● **WHAT TO WORK ON**
Below is a listing; repeat exactly the lines from the one containing "Steve Bedrosian #24" to the one containing "Samro fourgon / box - Прицеп-фургон: фото 3 Samro", both included.

● **DATA FOR THE TASK**
-- Opening Marker --

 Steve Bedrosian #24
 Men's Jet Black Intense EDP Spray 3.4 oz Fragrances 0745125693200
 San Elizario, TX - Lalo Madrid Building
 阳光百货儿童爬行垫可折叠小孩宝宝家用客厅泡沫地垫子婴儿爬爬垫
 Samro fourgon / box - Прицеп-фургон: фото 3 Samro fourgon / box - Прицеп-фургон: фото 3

-- Closing Marker --
-- Opening Marker --

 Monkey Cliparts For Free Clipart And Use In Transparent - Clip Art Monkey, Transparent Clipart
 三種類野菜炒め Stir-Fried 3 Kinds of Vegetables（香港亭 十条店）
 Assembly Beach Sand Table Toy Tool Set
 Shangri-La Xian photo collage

-- Closing Marker --
-- Opening Marker --

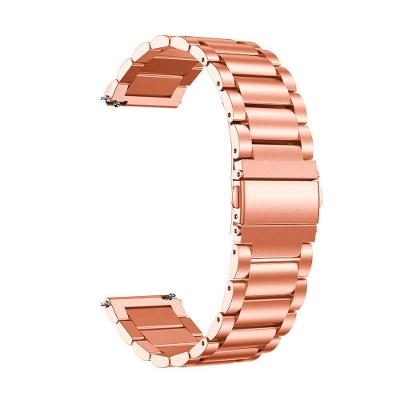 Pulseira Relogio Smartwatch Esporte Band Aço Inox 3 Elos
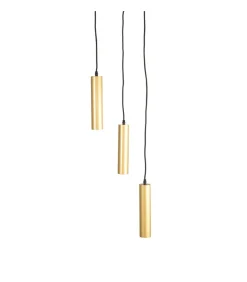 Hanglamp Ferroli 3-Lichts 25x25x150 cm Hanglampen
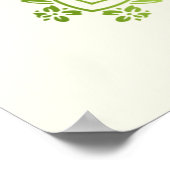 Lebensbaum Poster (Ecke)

-- Closing Marker --

● **RESPONSE BELOW**
 Steve Bedrosian #24
 Men's Jet Black Intense EDP Spray 3.4 oz Fragrances 0745125693200
 San Elizario, TX - Lalo Madrid Building
 阳光百货儿童爬行垫可折叠小孩宝宝家用客厅泡沫地垫子婴儿爬爬垫
 Samro fourgon / box - Прицеп-фургон: фото 3 Samro fourgon / box - Прицеп-фургон: фото 3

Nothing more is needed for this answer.